Brief descriptive captions
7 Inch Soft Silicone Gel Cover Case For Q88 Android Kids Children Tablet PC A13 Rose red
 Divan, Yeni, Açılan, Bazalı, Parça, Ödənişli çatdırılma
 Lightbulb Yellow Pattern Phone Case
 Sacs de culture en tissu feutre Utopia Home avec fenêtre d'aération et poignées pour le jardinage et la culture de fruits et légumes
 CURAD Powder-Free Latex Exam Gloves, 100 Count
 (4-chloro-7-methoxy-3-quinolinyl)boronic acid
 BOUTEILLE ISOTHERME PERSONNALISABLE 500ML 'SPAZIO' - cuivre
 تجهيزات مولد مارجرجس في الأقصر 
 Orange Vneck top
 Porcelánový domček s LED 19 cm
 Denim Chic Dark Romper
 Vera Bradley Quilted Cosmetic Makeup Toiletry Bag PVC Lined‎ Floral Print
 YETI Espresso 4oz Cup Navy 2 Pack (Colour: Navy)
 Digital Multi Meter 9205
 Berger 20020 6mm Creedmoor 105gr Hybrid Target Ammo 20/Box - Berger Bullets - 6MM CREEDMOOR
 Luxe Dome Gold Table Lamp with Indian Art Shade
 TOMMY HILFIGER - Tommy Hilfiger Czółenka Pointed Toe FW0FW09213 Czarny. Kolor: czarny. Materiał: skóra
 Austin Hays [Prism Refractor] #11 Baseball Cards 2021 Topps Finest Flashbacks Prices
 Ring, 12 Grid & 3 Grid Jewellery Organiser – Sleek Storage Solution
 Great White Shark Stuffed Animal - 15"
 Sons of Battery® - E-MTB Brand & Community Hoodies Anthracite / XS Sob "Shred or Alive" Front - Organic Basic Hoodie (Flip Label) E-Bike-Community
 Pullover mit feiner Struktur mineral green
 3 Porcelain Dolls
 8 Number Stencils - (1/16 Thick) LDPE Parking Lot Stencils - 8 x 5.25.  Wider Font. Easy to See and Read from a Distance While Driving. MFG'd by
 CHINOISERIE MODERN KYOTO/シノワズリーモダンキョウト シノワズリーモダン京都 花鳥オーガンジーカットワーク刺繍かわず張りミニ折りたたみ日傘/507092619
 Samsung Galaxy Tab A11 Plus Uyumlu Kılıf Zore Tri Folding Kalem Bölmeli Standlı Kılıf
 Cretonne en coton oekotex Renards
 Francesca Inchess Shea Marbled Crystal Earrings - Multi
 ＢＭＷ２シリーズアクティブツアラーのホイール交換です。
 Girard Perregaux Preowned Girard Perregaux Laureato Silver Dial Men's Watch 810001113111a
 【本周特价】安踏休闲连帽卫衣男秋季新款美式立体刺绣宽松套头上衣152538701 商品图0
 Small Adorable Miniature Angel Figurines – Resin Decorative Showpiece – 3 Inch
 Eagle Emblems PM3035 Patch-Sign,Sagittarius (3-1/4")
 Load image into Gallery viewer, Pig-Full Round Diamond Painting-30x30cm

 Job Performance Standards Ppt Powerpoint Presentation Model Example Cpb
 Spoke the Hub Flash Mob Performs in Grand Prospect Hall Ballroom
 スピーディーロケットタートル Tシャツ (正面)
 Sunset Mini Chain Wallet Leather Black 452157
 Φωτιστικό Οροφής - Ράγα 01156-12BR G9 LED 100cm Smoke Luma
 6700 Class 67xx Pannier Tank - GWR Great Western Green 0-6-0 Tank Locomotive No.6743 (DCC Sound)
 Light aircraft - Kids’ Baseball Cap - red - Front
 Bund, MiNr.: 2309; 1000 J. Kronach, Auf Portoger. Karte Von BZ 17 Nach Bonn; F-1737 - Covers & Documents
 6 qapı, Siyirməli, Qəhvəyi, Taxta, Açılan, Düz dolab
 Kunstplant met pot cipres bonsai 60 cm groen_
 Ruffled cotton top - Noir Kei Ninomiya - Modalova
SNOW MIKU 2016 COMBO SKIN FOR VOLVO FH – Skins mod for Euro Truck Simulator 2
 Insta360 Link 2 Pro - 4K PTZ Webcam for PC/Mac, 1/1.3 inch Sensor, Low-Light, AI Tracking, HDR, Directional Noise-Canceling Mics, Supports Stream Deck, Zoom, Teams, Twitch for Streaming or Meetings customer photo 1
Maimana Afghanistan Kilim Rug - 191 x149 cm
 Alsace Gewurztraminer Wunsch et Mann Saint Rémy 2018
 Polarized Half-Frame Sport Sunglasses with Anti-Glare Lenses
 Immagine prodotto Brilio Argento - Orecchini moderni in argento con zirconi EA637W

> [PROBLEM TO SOLVE] Your answer must be the line that contains "CHINOISERIE MODERN KYOTO/シノワズリーモダンキョウト" and every line after it to the end of the records, reproduced exactly.

> [ANSWER]
 CHINOISERIE MODERN KYOTO/シノワズリーモダンキョウト シノワズリーモダン京都 花鳥オーガンジーカットワーク刺繍かわず張りミニ折りたたみ日傘/507092619
 Samsung Galaxy Tab A11 Plus Uyumlu Kılıf Zore Tri Folding Kalem Bölmeli Standlı Kılıf
 Cretonne en coton oekotex Renards
 Francesca Inchess Shea Marbled Crystal Earrings - Multi
 ＢＭＷ２シリーズアクティブツアラーのホイール交換です。
 Girard Perregaux Preowned Girard Perregaux Laureato Silver Dial Men's Watch 810001113111a
 【本周特价】安踏休闲连帽卫衣男秋季新款美式立体刺绣宽松套头上衣152538701 商品图0
 Small Adorable Miniature Angel Figurines – Resin Decorative Showpiece – 3 Inch
 Eagle Emblems PM3035 Patch-Sign,Sagittarius (3-1/4")
 Load image into Gallery viewer, Pig-Full Round Diamond Painting-30x30cm

 Job Performance Standards Ppt Powerpoint Presentation Model Example Cpb
 Spoke the Hub Flash Mob Performs in Grand Prospect Hall Ballroom
 スピーディーロケットタートル Tシャツ (正面)
 Sunset Mini Chain Wallet Leather Black 452157
 Φωτιστικό Οροφής - Ράγα 01156-12BR G9 LED 100cm Smoke Luma
 6700 Class 67xx Pannier Tank - GWR Great Western Green 0-6-0 Tank Locomotive No.6743 (DCC Sound)
 Light aircraft - Kids’ Baseball Cap - red - Front
 Bund, MiNr.: 2309; 1000 J. Kronach, Auf Portoger. Karte Von BZ 17 Nach Bonn; F-1737 - Covers & Documents
 6 qapı, Siyirməli, Qəhvəyi, Taxta, Açılan, Düz dolab
 Kunstplant met pot cipres bonsai 60 cm groen_
 Ruffled cotton top - Noir Kei Ninomiya - Modalova
SNOW MIKU 2016 COMBO SKIN FOR VOLVO FH – Skins mod for Euro Truck Simulator 2
 Insta360 Link 2 Pro - 4K PTZ Webcam for PC/Mac, 1/1.3 inch Sensor, Low-Light, AI Tracking, HDR, Directional Noise-Canceling Mics, Supports Stream Deck, Zoom, Teams, Twitch for Streaming or Meetings customer photo 1
Maimana Afghanistan Kilim Rug - 191 x149 cm
 Alsace Gewurztraminer Wunsch et Mann Saint Rémy 2018
 Polarized Half-Frame Sport Sunglasses with Anti-Glare Lenses
 Immagine prodotto Brilio Argento - Orecchini moderni in argento con zirconi EA637W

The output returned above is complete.